Por Célia Araújo, professora de Educação Física na EMEF Antonio Carlos de Andrada e Silva
Nossas brincadeiras eram pular vala, subir em muro, roubar as ameixas do vizinho e sair correndo. Aí quando começaram as obras de infra-estrutura no bairro, que era água, esgoto, luz, lembro que já tinha uma idade avançada para a época, uns 12 anos, a gente ficava até uma hora da manhã na rua quando era muito calor porque não aguentava ficar dentro de casa. E a gente, só com as luzes das casas, brincava de esconde-esconde e era uma delícia brincar no escuro porque ninguém achava ninguém.
Eram mais de 25 crianças, as mães ficavam no portão e a gente brincando, meninos misturados com meninas, de todas as idades, tinha de 06 até 14 anos, e eu era uma das mais velhas. Eu brincava muito na rua, muito.
Tinha uma brincadeira, eu não lembro o nome, mas eu gostava muito, porque como eu sou muito grandona eu abusava. Tinha que carregar uma pessoa nas costas e cada um tinha um pedaço de pedra. Você jogava a pedra e aí a outra pessoa jogava um pedaço de pedra pra bater naquela primeira e ir o mais longe possível. E a pessoa tinha que te carregar nas costas até o lugar da sua pedra. E eu me divertia com aquilo porque eu tinha as pernas compridas e ninguém conseguia me levantar. Então eu ficava em cima das costas das pessoas meio que patinando, batendo os pés no chão.
E éramos todos muito magros, naquela época não tinha criança obesa, eram crianças muito magras. Era muito gostoso brincar disso. Isso à noite, quando estava muito calor. De dia a gente brincava nos tubos de esgoto, aquelas pilhas enormes, e ali era de casinha até prédio, eu nunca tinha visto um prédio na minha vida.
Eu lembro das construções. Uma vez eu fiz uma casinha, na época do desenho dos Flinstones, na cidade da pedra, e eu fiz uma casinha inteira, eu lembro dela. Fiz todos os cômodos, com todos os detalhes com resto de construção, tijolo, fiz mesa, máquina de costura, eu fazia xícaras... eu ralava a pedra até ficar o formato da xícara, e colocava os pires e recebia as pessoas. Tinha cama, sofá, era um terreno grande que tinha do lado da minha casa, e ninguém podia entrar lá.

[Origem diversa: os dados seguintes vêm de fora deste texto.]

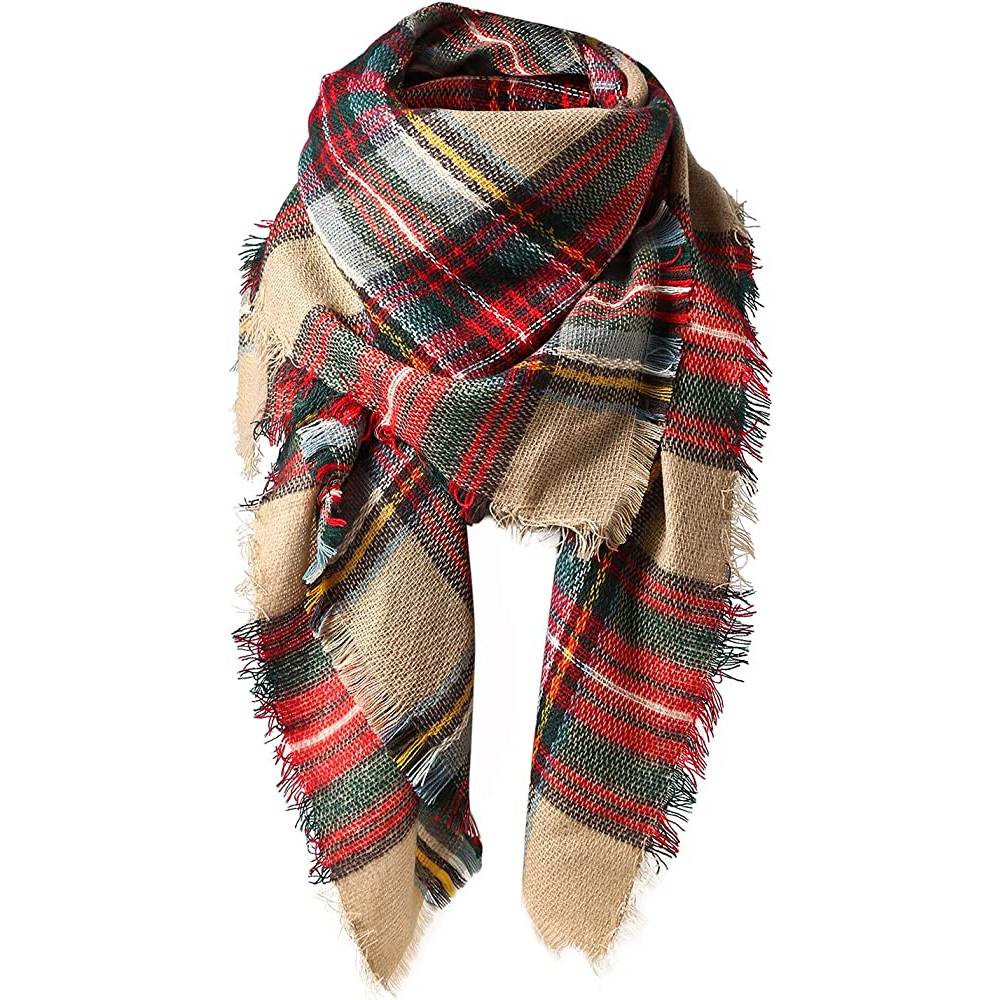 Women's Fall Winter Scarf Classic Tassel Plaid Scarf Warm Soft Chunky Large Blanket Wrap Shawl Scarves | Multiple Colors - CLS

A minha família foi muito unida nessa época. Depois começa a escola e aí cada um vai para um lado, e formam as famílias, depois vão embora. E o bairro também já não é o mesmo. Hoje não tem mais o córrego, nem a rua, nem os vizinhos, não tem mais ninguém lá morando.
E nós, crianças daquela época, a gente lidava com a vida e com a morte de uma maneira muito presente. A gente brincava, se machucava e ficava todo mundo em volta, olhando. Eu lembro quando a minha avó faleceu e a gente recebeu a notícia. Era uma senhora muito doente e que contava muita história para a gente. Eu gostava das histórias que ele contava e a gente fazia companhia para ela, ela sentia muita dor.
Então ficava aquele monte de crianças em volta dela e ela contando histórias para a gente, depois a gente traduzia essas histórias lá fora. E quando ela faleceu, lembro que todas as crianças participaram. Nós saímos de casa em casa pedindo flores de jardim pra colocar no caixão, não tinha floricultura na época, e eu me lembro das dálias que eu pegava...
Toda a vez que eu vejo uma dália eu lembro da minha avó, não lembro muito da imagem do rosto dela, mas lembro daquele movimento de crianças, das histórias que sempre tinham uma moral.